Data section below:
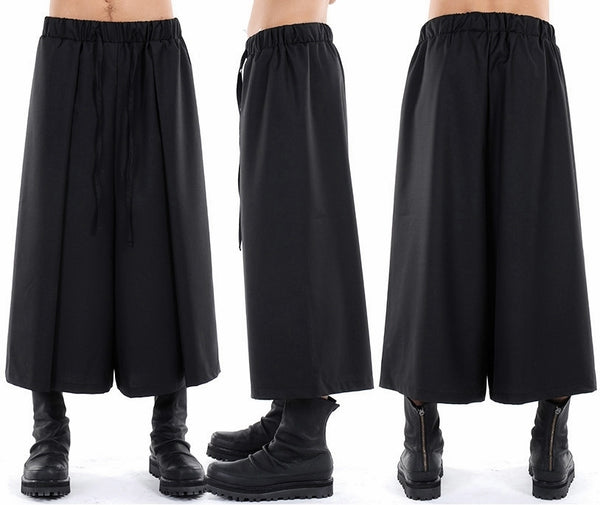 Mens Sarrouel Japanese Wide Leg Trouser Yoga Pant – Ofelya Boutique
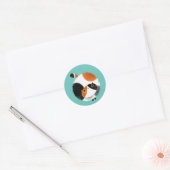 Calico Cat Ronde Sticker (Envelop)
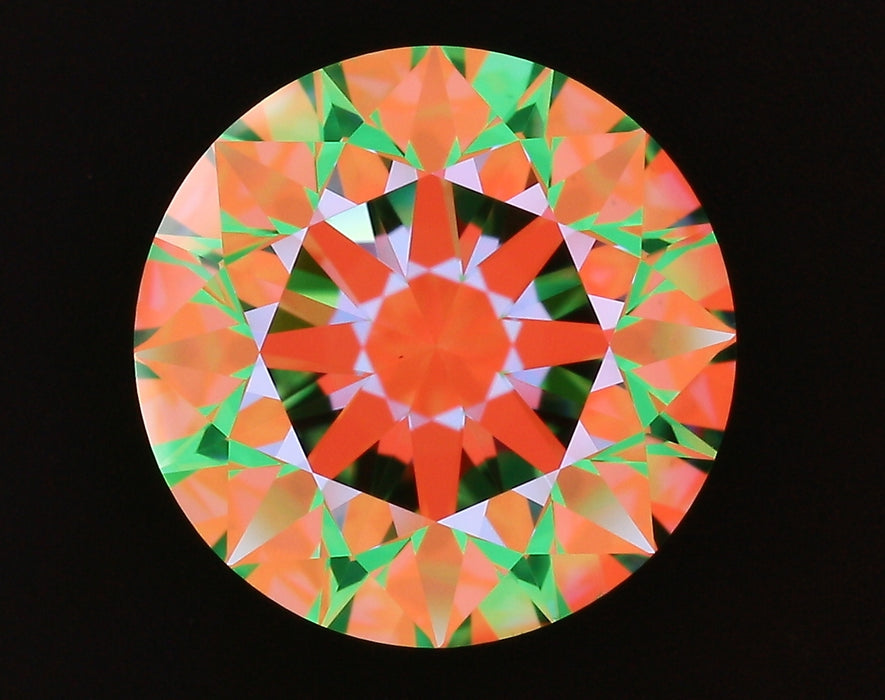 3.50ct Round H VS1 Natural Diamond ASET image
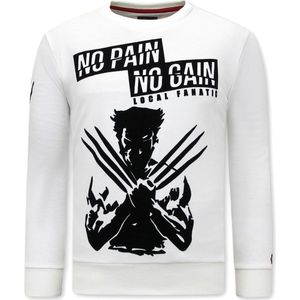 Heren Sweater Print - Wolverine - Beige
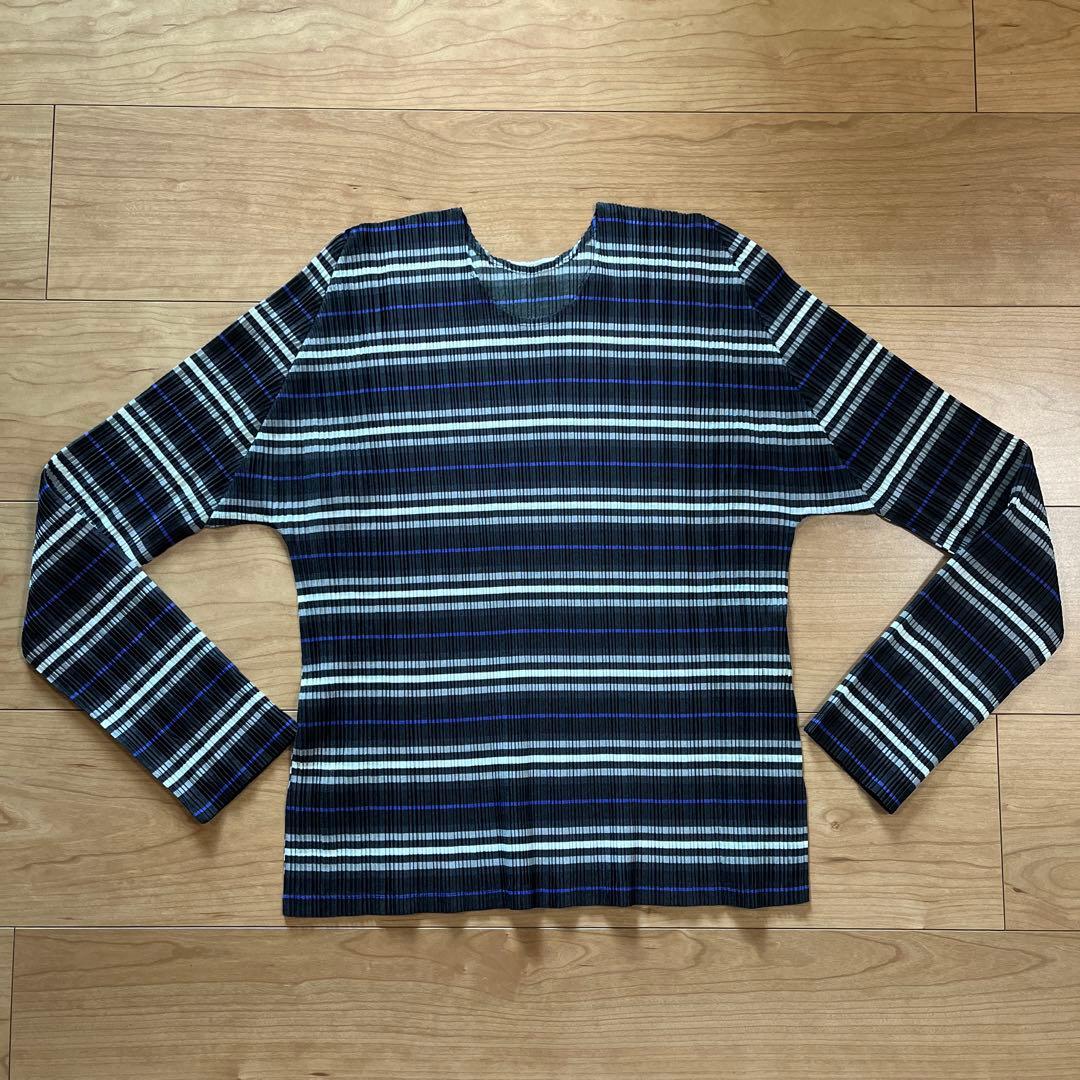 PLEATS PLEASE リブプリーツ長袖トップス　サイズ3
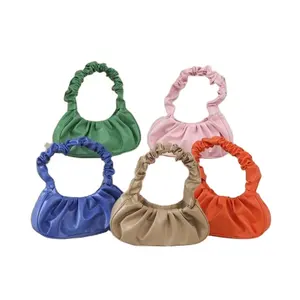 여성 패션 겨드랑이 호보 가방 편리한 핸드백 어깨 만두 가방 패션 구름 가방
End of Data section.
Your answer should copy the listing word for word, with no pictures in it.

- **Your solution**:
 Mens Sarrouel Japanese Wide Leg Trouser Yoga Pant – Ofelya Boutique
 Calico Cat Ronde Sticker (Envelop)
 3.50ct Round H VS1 Natural Diamond ASET image
 Heren Sweater Print - Wolverine - Beige
 PLEATS PLEASE リブプリーツ長袖トップス　サイズ3
 여성 패션 겨드랑이 호보 가방 편리한 핸드백 어깨 만두 가방 패션 구름 가방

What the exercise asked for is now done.